* **Information**
==============================
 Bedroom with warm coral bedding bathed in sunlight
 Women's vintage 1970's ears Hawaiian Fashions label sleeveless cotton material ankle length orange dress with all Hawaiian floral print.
==============================
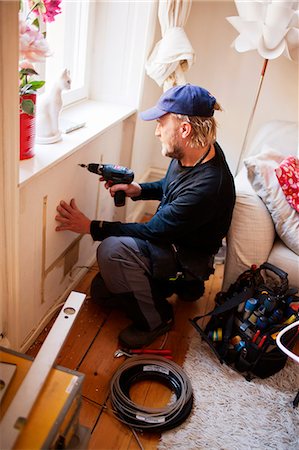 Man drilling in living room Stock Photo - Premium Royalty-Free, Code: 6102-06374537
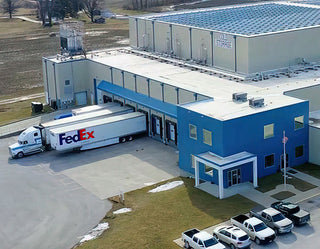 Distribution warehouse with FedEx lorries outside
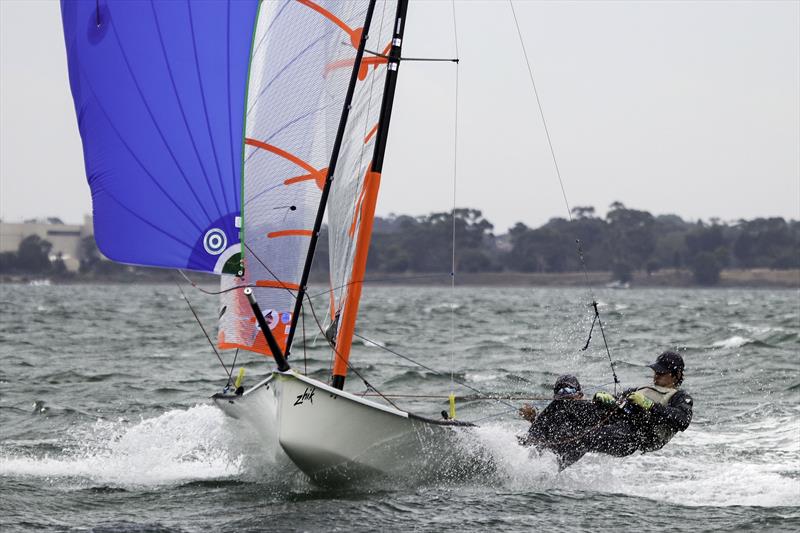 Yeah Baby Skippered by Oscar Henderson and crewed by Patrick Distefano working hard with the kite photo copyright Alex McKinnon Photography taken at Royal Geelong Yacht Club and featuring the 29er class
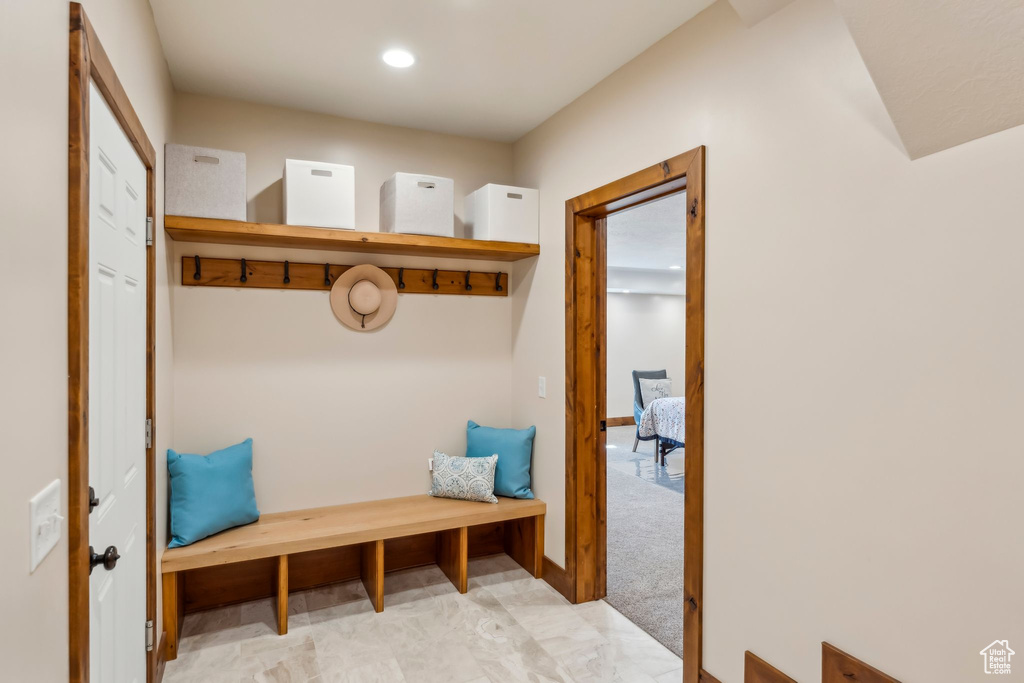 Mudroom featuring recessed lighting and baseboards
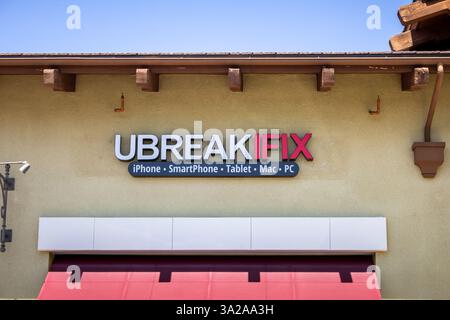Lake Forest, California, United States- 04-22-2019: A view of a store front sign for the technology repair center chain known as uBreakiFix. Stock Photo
==============================
* **Problem to solve**
From the records above, copy exactly the lines starting at the one with "Yeah Baby Skippered" and ending at the one with "Lake Forest, California, United", and no others. Pictures stay out.

* **Exercise solution**
 Yeah Baby Skippered by Oscar Henderson and crewed by Patrick Distefano working hard with the kite photo copyright Alex McKinnon Photography taken at Royal Geelong Yacht Club and featuring the 29er class
 Mudroom featuring recessed lighting and baseboards
Lake Forest, California, United States- 04-22-2019: A view of a store front sign for the technology repair center chain known as uBreakiFix. Stock Photo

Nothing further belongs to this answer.